Bennett’s terrible sense of direction has been almost as fortuitous as her facility with language. By 1997 she was settled in Ann Arbor, working as a copyeditor at Mathematical Reviews and volunteering as an usher with the University Musical Society. During an intermission at a “Blues, Roots, Honks and Moans” concert she saw her friend Juli Pinsak talking to two men in another aisle. Bennett “gravitated” over to join the conversation. When the men asked where they could get a Coney Island after the concert, she recommended Mark’s Midtown. “I tried to give him directions. It became clear that I was not very good at it—where I directed them was nowhere near where Mark’s Midtown is. He thought it was really cute that I was trying.”

“He” was local jazz musician George Bennett, whom Tracy married in 2002. Their son Daniel was born later that year.

Although Bennett’s Wordle responsibilities are new, her position with the New York Times is not. She often said that she would only leave Math Reviews if she could work on crossword puzzles full-time, and in September 2020, she did exactly that. As the Times’ associate puzzle editor, she is one of the team of five people responsible for the daily crossword puzzles. Most of their time is spent reviewing the 150–200 puzzles submitted each week and then editing the ones they select. Bennett also makes puzzles for Bust Magazine and the app Crosswords with Friends. With fellow Ann Arbor puzzle constructor Peter Collins, she provides a monthly puzzle in Groundcover News, the local street paper. Collins and Bennett edit each other’s puzzles, but he says she “finds five times as many errors as I do.”

Bennett is still shy—it’s one of the first words her friends use to describe her. But Wordle is so popular that she’s experienced an unexpected burst of fame—and a surprising amount of controversy. She has been invited on BBC, CNN, and the Today Show, and articles about her have appeared everywhere from Newsweek, the Guardian, and Forbes to the Deseret News.

Lisa Nichols, a longtime friend and her successor at Mathematical Reviews, says by now Bennett has relaxed into the role of being the public face of a puzzle loved by everyone from Camilla the Queen Consort to Carol Burnett and played by tens of millions of people every day. Bennett is not sure she agrees. While she is fine with interviews, she says, she’s still anxious enough about public speaking that she has been working with a coach.

The lovers of Wordle were not all delighted that the game now had an editor. Before Bennett’s position was created, the game, created by software engineer Josh Wardle in 2013 and acquired by the Times last January, used a JavaScript program to choose each day’s word from Wardle’s list of 2,315 five-letter words. Players feared that having a person choose the word would ruin the spontaneous nature of the game and perhaps make it too easy. 

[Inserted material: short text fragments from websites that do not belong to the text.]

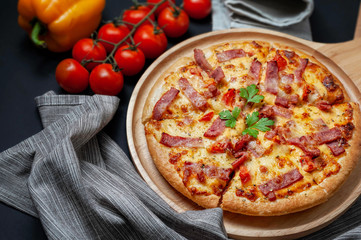 Delicious Italian pizza sliced ham, bacon and cheese with food ingredients on old kitchen table.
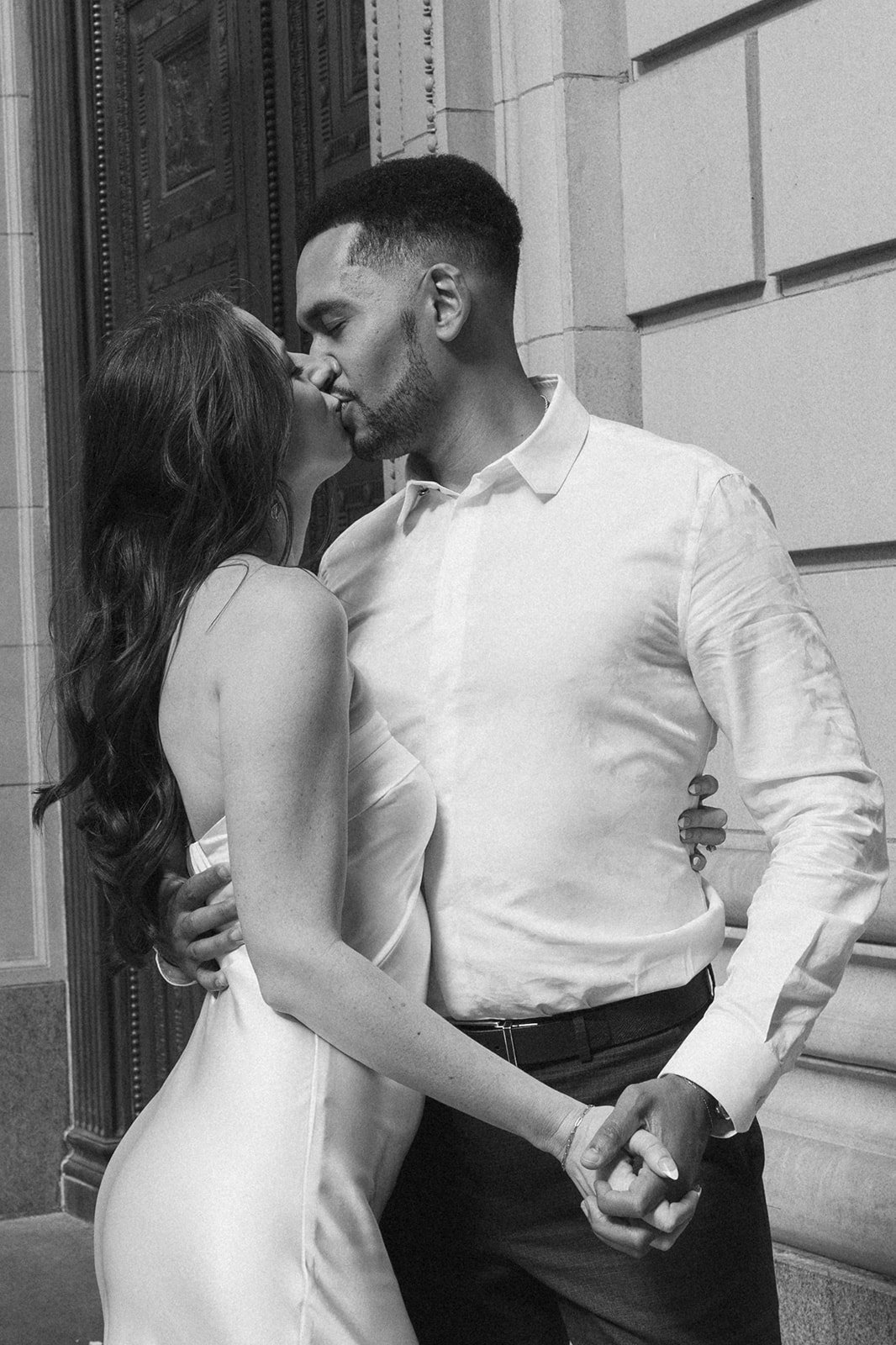 Charlotte and Lucas walking together on a downtown Portland sidewalk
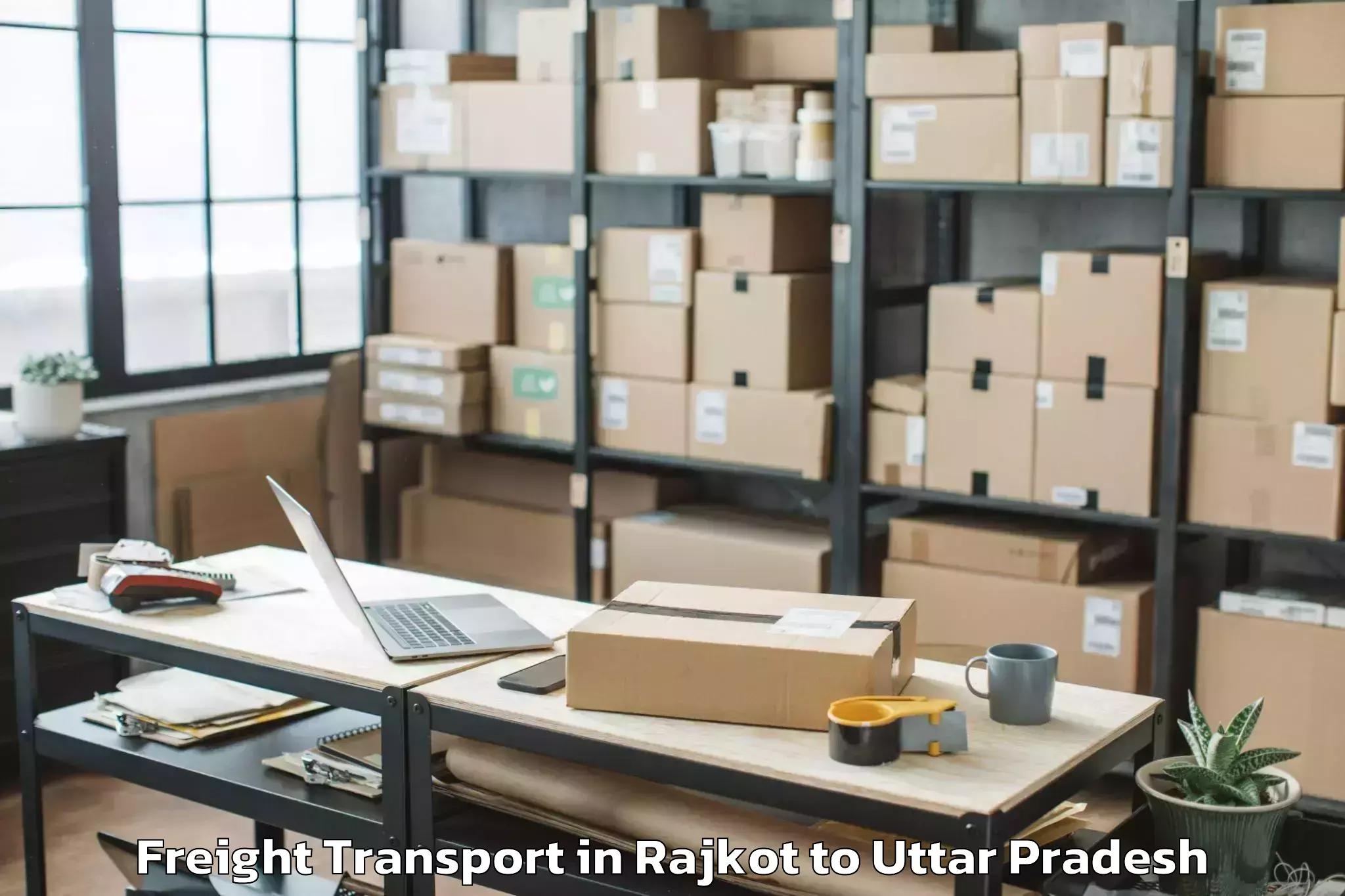 Top Rajkot to Belthara Road Freight Transport Available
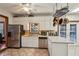 Bright kitchen features stainless steel appliances, white cabinets and tile floors at 130 Thornton Dr, Fayetteville, GA 30214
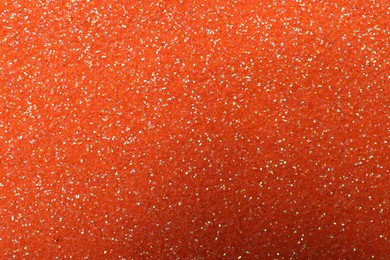 Photo of Beautiful shiny orange glitter as background, closeup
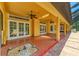 Large covered back patio with brick pavers, ceiling fans, and backyard access at 4647 Stone Ridge Trl, Sarasota, FL 34232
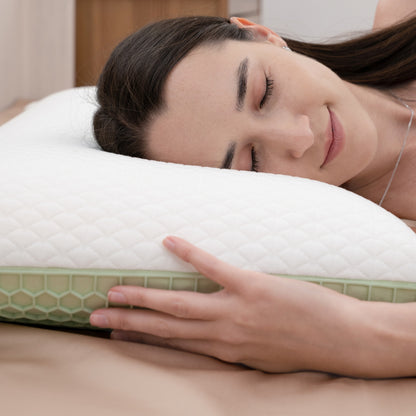 Woman lying on a white pillow with a green honeycomb pattern, smiling.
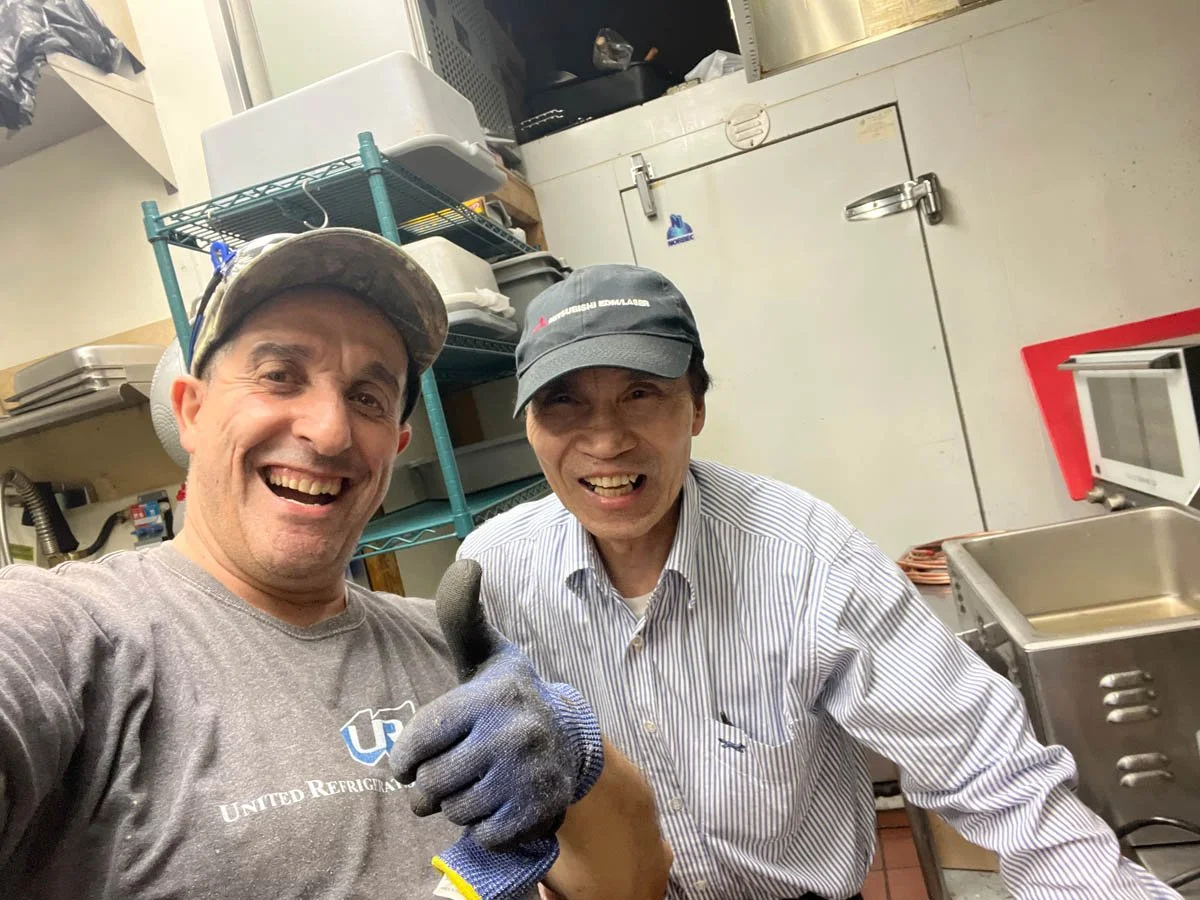 Two men smiling in a kitchen, one showing a thumbs-up and the other slightly grimacing. Both are wearing work gloves and caps.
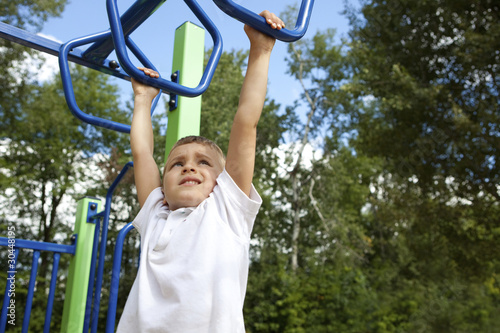 Photo: Boy playing on monkey bars Boy playing on monkey bars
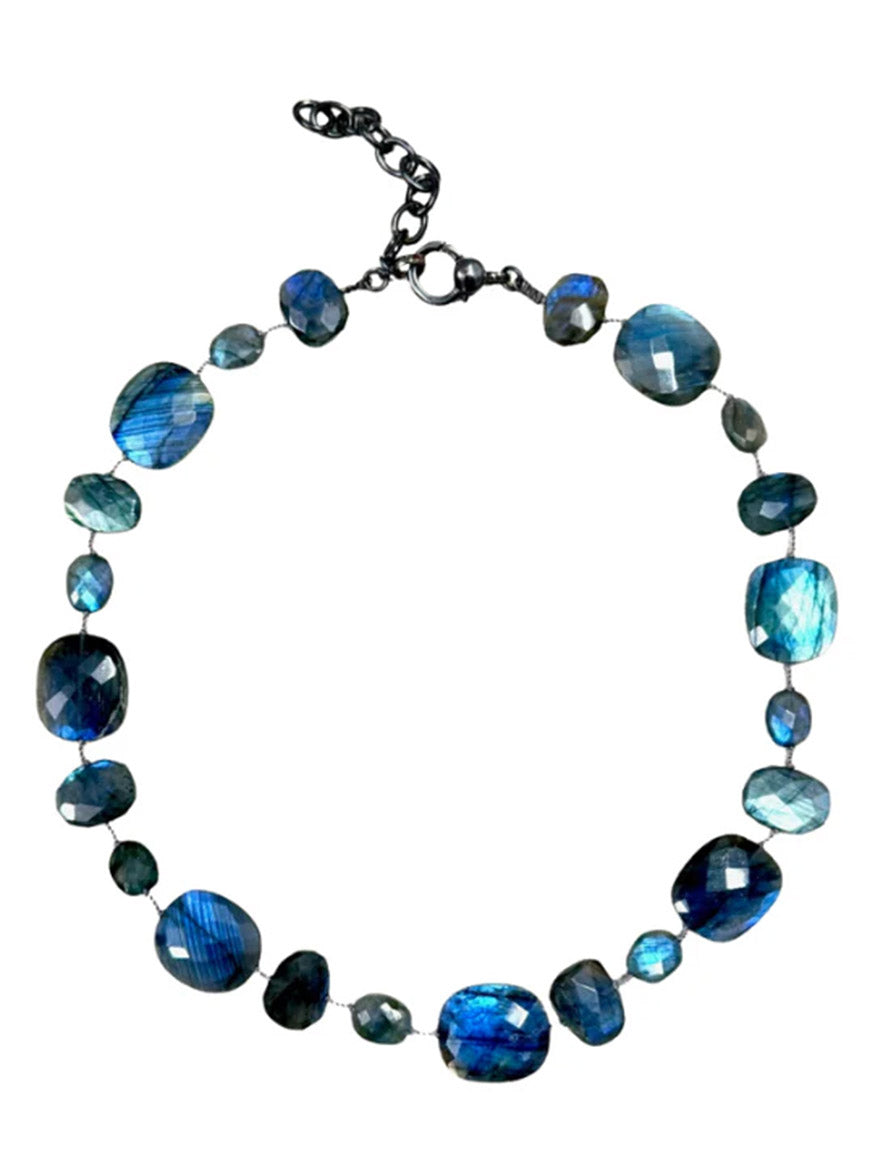 The JMNYC Designs 18" Faceted Labradorite Mix Necklace showcases an array of polished blue gemstones in assorted shapes—including faceted labradorite—strung on a delicate wire and finished with an adjustable sterling silver clasp.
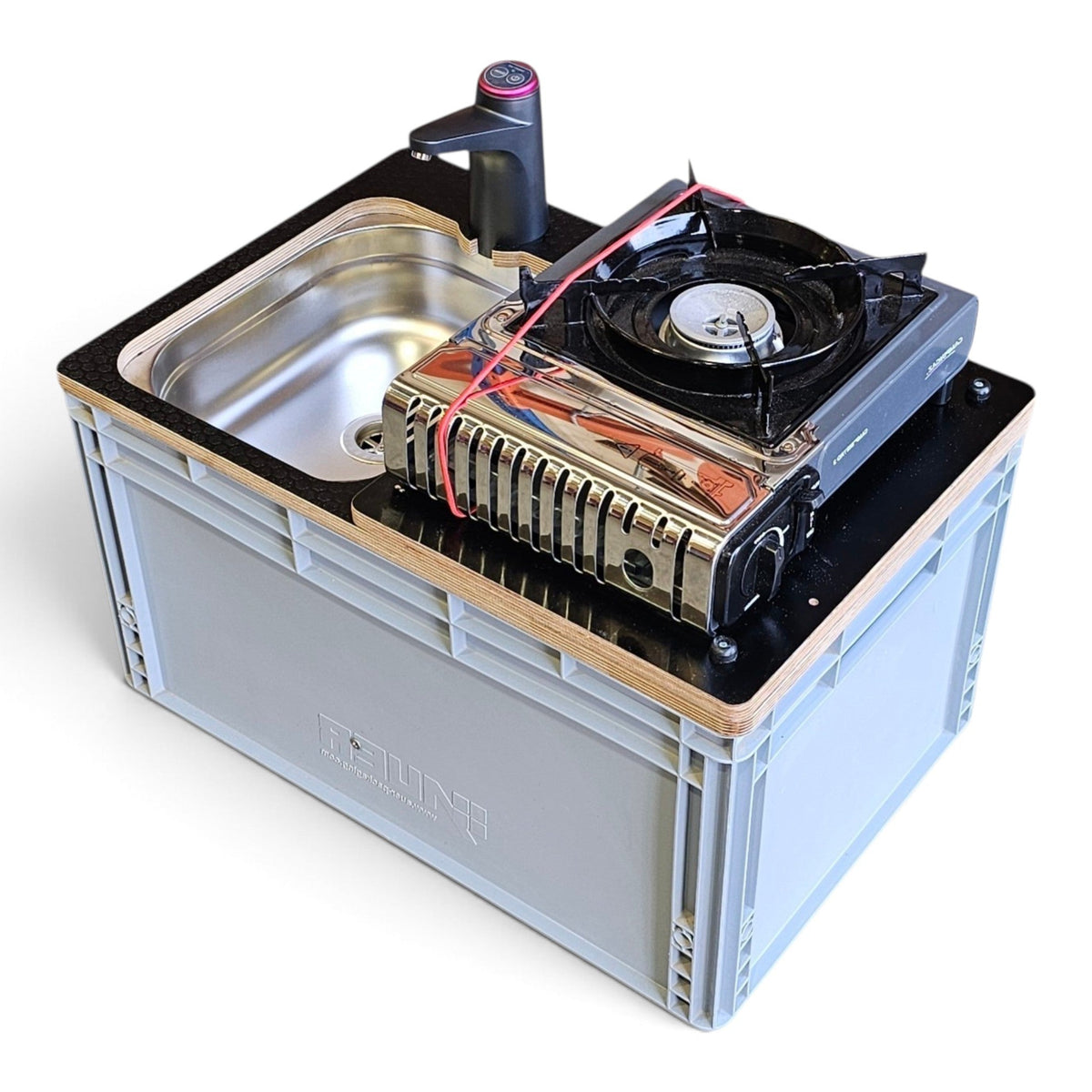 A compact outdoor kitchen setup mounted on a gray plastic storage crate. The unit includes a built-in stainless steel sink, a black countertop with a light wood trim, a portable gas stove with a built-in cooling fan, and a small black faucet with a pink accent.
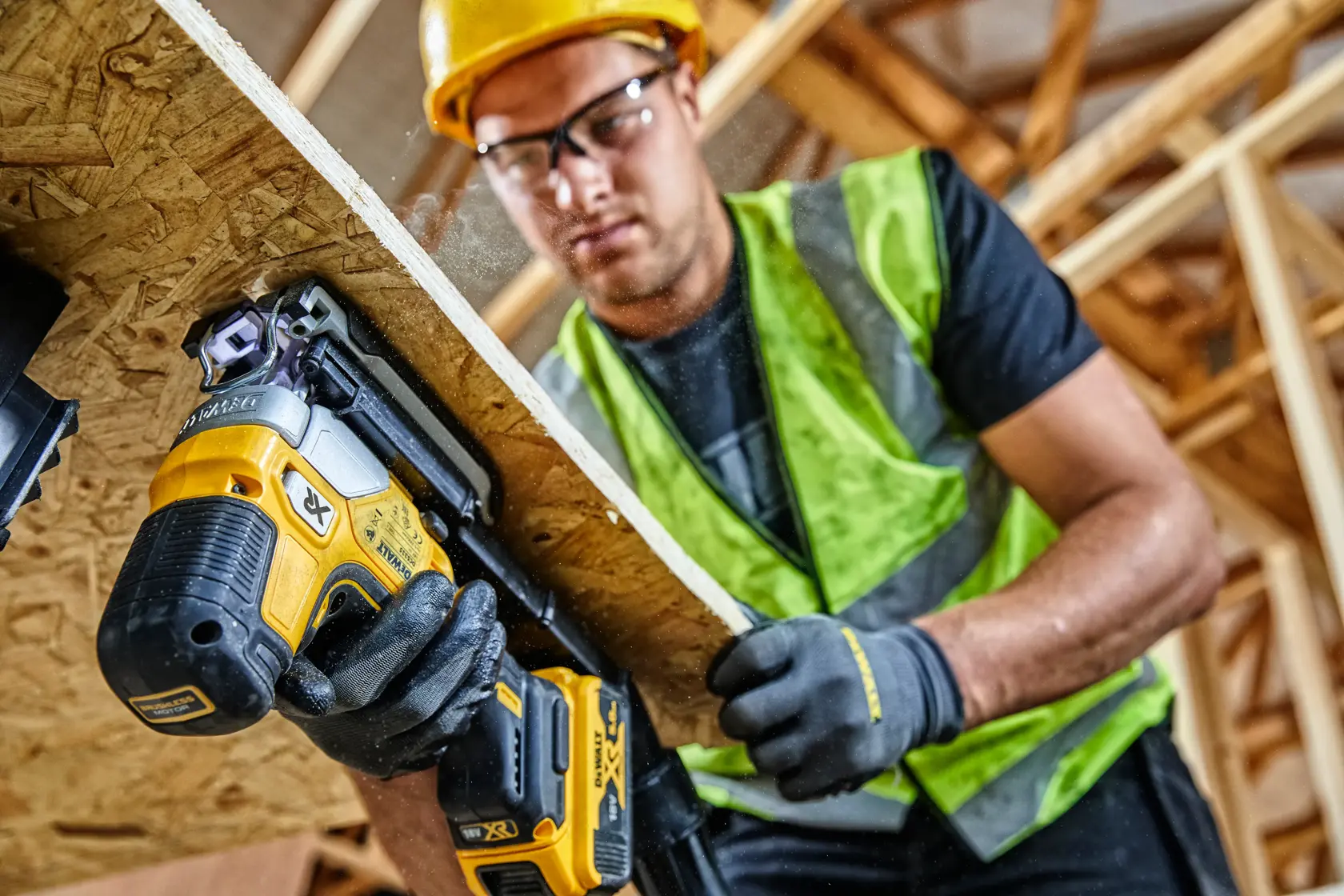 Worker uses a DEWALT cordless jigsaw to cut wood panel at a construction site, wearing safety gear.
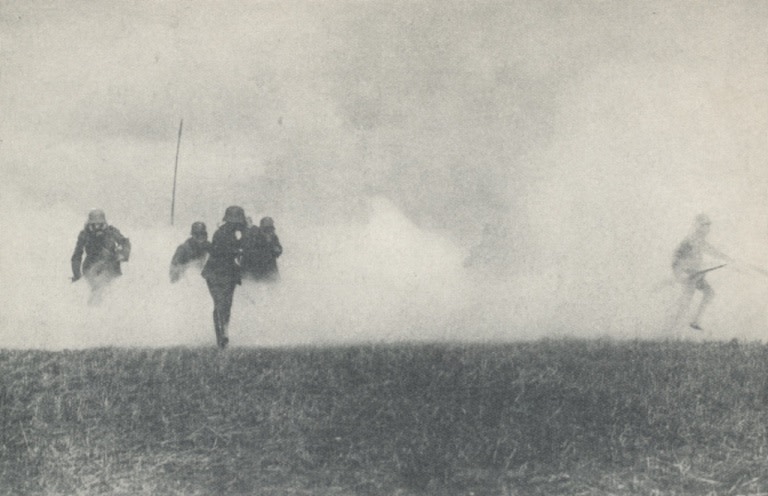 German soldiers advance out of gas cloud - Forces War Records Archive
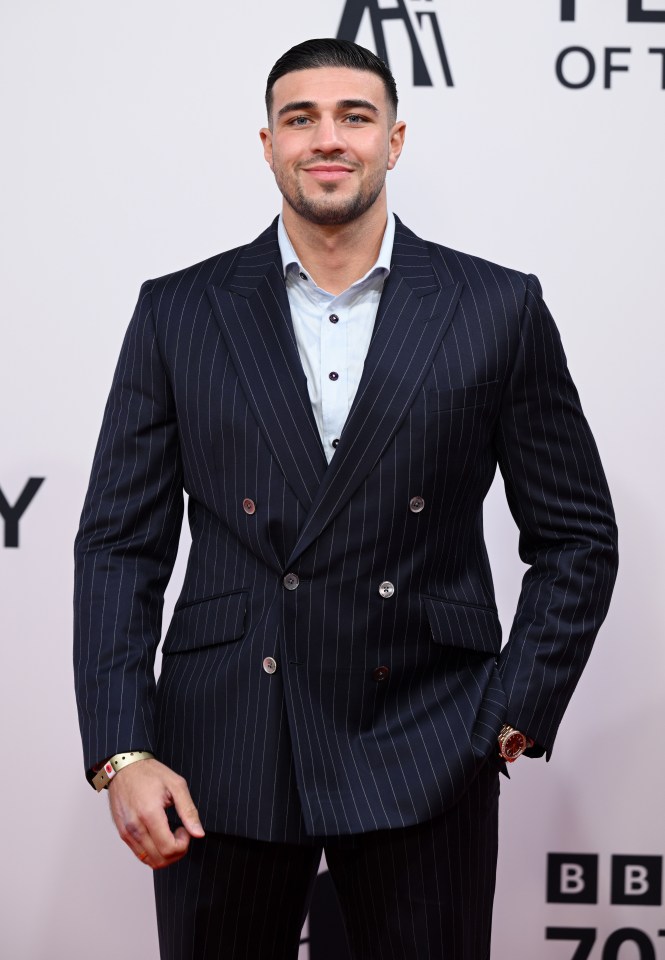 a man in a suit stands in front of a bbc logo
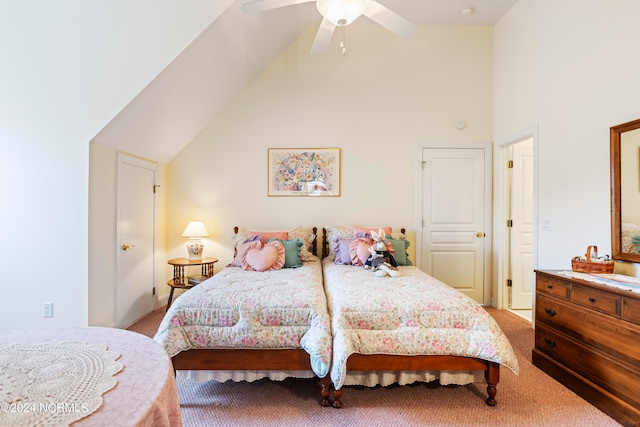 bedroom with high vaulted ceiling, ceiling fan, and carpet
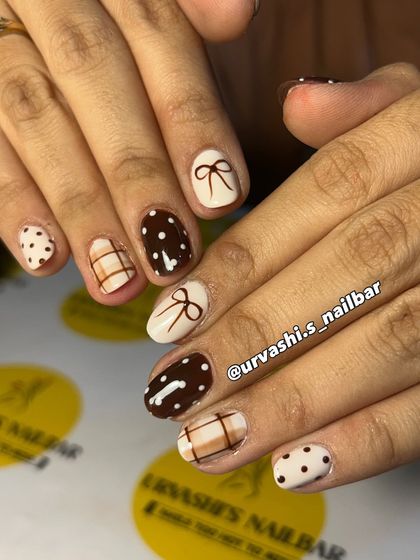 The perfect "Latte Girl" aesthetic. This cozy set features hand-painted bows, polka dots, and plaid patterns in shades of chocolate brown and cream for a look that's timelessly chic.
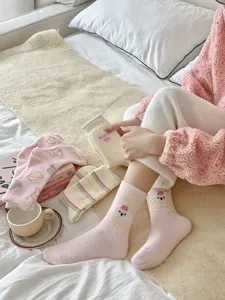 Cozy plush winter socks detail, thick warm fuzzy sleep socks with cute cartoon bear design.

The Wordle answer for Thanksgiving Day, “FEAST,” generated scores of outraged responses and an article in Slate titled “How the Wordle Editor Is Ruining Wordle.” Bennett says she’s learned her lesson: Though crossword puzzles may continue to be topical, Wordle probably will not.

Bennett says that her thirty years at Math Reviews not only taught her a rigorous attention to detail but also prepared her well for the trolls. Describing herself as “a recovering people-pleaser,” she says that as the manager of the copyediting department she received plenty of feedback, some of it highly emotional, about the changes her team was suggesting to the contributing reviewers and learned to interact without getting emotional herself. At the Times she also, wisely, avoids reading online complaints about what she’s allegedly doing wrong.

Bennett admits, however, that when she started reviewing and editing crosswords, she did not welcome having to reject puzzles submitted by constructors who were friends or even mentors. But Collins, a recently retired Huron High math teacher who has had 117 puzzles accepted by the Times (and many more in other publications), says he still has had far more puzzles rejected than accepted and explains that every constructor knows that many puzzles will be rejected.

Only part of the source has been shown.